As this new year begins, Andrew and I are less than five months away from our wedding day, and the thought of our future life together brings with it many questions. What kind of wife will I be? What kind of mother? Am I ready for this next step in my life? Do I have what it takes to balance marriage, a family, and a job? Am I ready to grow up?
After two weeks in the comforts of my home, where my mother still cooks us dinner every night (and does my laundry), where most nights are spent together watching movies, where I can sleep soundly knowing that my parents are there to take care of me, the thought of adulthood can become frightening. After so many years of always having someone else to take care of me, I am preparing to take the ultimate step into adulthood: marriage. Yes, I have played at being an adult for quite some time now- I have worked a full-time job and I have lived on my own- but as I prepare to get married, I have come to realize that this has been more play-acting at adulthood than reality. When I was short on cash, I was able to ask my parents for money, which they never expected back (unless it was a larger sum). When I had a long weekend with no classes, I was always able to go home. I have always been able to lean on my parents for support, and they have always allowed me to be a child.
Even as I was playing in the adult world, I still wholeheartedly embraced my childhood. I was able to explore and slowly expand my world, knowing that if things became too difficult, I would always be able to return home. I would be able to start new, knowing that they could be risking another failure. When I decided to enter the convent, they let me drop out of school to do it immediately. When I decided to leave, they let me return home, even though I had no money in my bank account and only a few articles of clothing that I could call my own. And still they didn’t give up on me. They bought me new clothing, drove me to job interviews and work until I could get a car, and made sure that I always had enough to eat.

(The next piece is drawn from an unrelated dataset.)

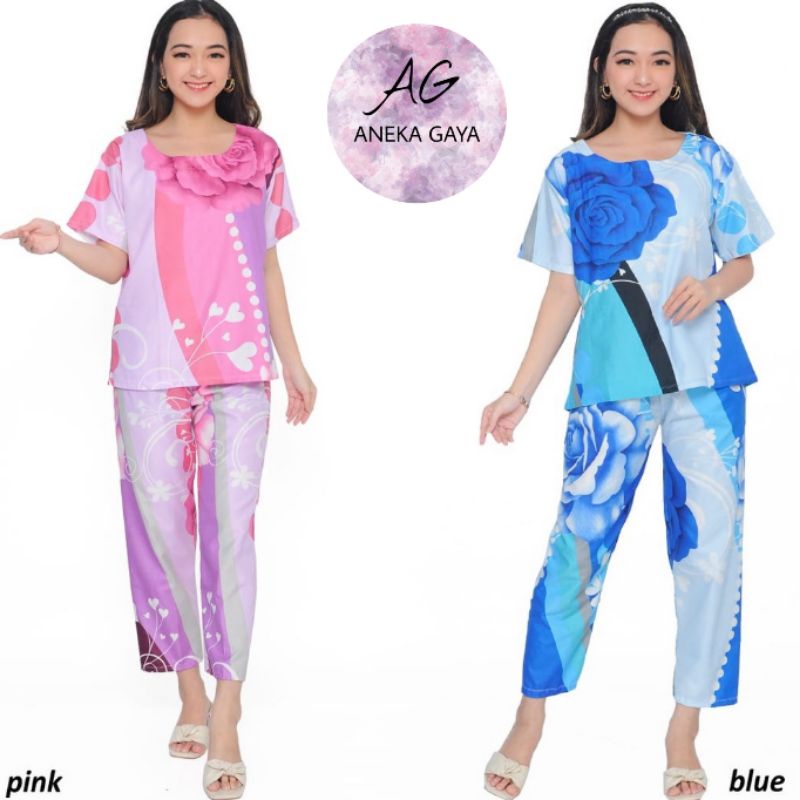 DISKON BAJU TIDUR SETELAN MODEL BUNGA TERBARU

Yes, my parents were always thrilled to have me return to the nest (at least I think they were), but they also gave me the freedom to spread my wings and fly. They encouraged me to follow my heart, and also provided the safe haven that I might need if things did not go as I had hoped. I was never afraid to fly because I was never afraid to fall. I always knew that my parents would catch me.

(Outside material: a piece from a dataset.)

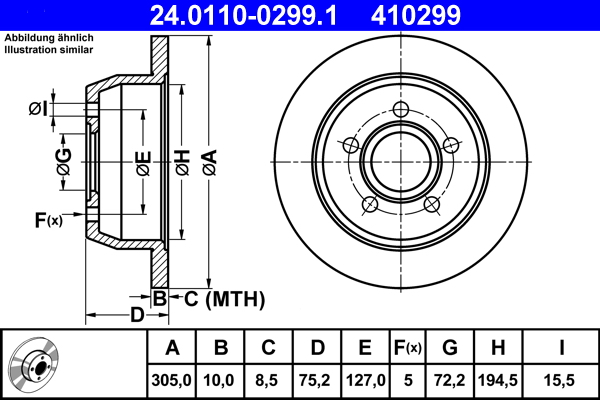 Disc frana ATE 24.0110-0299.1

My life has been good, and I know that married life will be good as well. But it will also be different. I will have to make a lot of decisions on my own, and with Andrew. I will no longer have parents who can make major decisions for me, or else can provide me with a great deal of advice from their own experience. I will have to create my own experiences, make my own choices, take total responsibility for my actions. In less than five months, I will take flight one last time, knowing that if I fall, it will not be into my parents’ nest. It will be a nest of my own, a nest that I will share with my future husband.

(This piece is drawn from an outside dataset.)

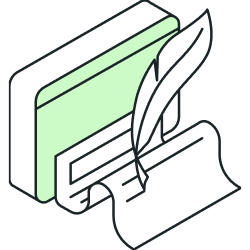 isometric icon of a quill writing on paper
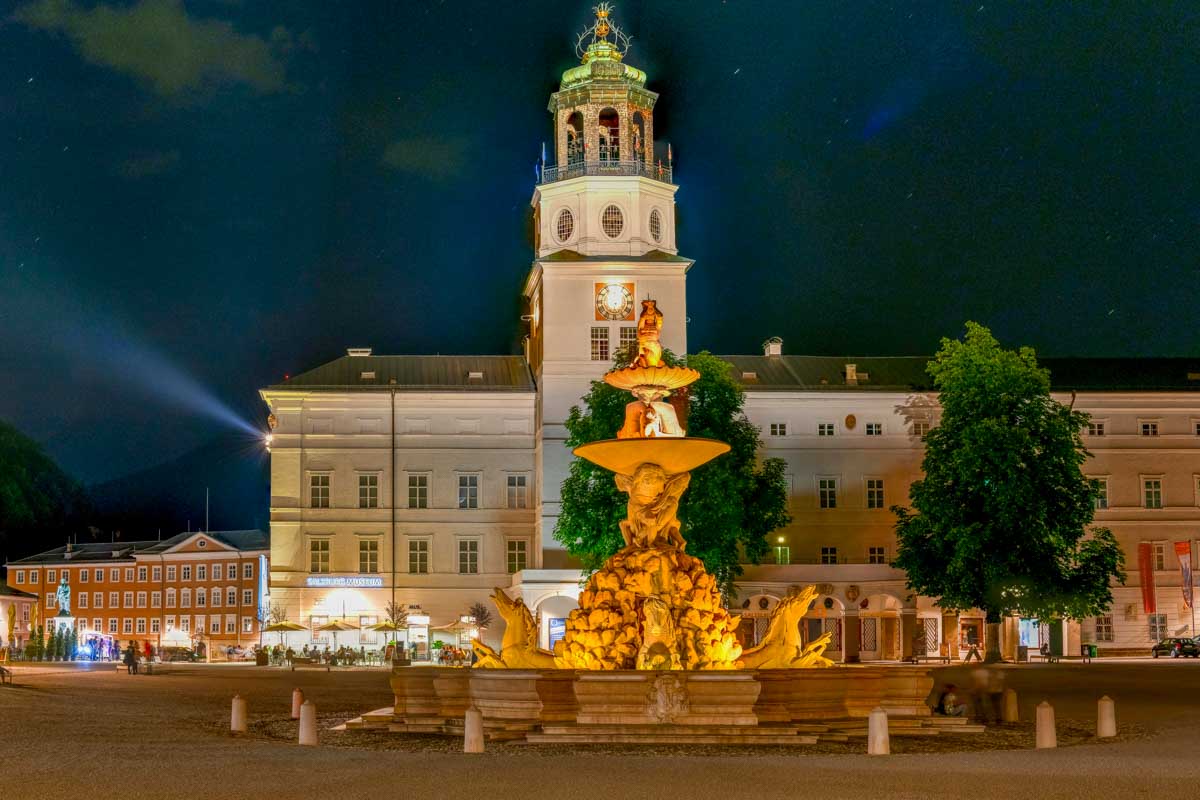 The Salzburg Museum at night in Old Town Salzburg Austria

The thought is just as exciting as it is terrifying. My life is going to change drastically, and change is not always easy. That being said, I can still rest easy knowing that I am not preparing to go off on my own; I am preparing to share my life with my best friend and the man of my dreams. Becoming an adult and getting married does not mean that you become completely independent. We are not autonomous individuals living on our own little islands that sometimes collide for a while before breaking apart and drifting in different directions. Andrew and I are not totally separate individuals, choosing to live our two lives side by side. When we marry, we will become one. The two shall become one, and I will not be alone. I can depend on Andrew. I can lean on him when I’m not strong enough, just as he can lean on me. We can support one another. I am not alone in this.
And marriage will not divorce me from my family. Neither will adulthood separate me from them. When life gets rough, I know that I can still turn to my parents to help us. I know that they would never leave us in need when it is within their ability to help us. When I get married, my parents are not losing their daughter; they are gaining another son. Marriage multiplies love, expanding it in all directions. As I take this huge step into adulthood, I am gaining more people who love me and are loved by me, and my world is expanding further than I could have ever imagined. And it is an incredibly beautiful world.
So as the days count down and my impending nuptials grow closer, I find myself asking many questions. What kind of wife will I be? What kind of mother? Not every question can be answered right now, but I know this much: I want to be like my mother. It is the only way that I know how to really thank her. It is the only way that I know how to thank both of my parents for everything that they have done for them. If I can be half the mother and wife that my mother has been, I will be content. I am just so grateful that I have had such wonderful examples of what it means to be a spouse and parent, what it means to love, to serve, and to forgive. My parents are the best teachers that I could have ever asked for.
Mary Help of Christians, pray for us!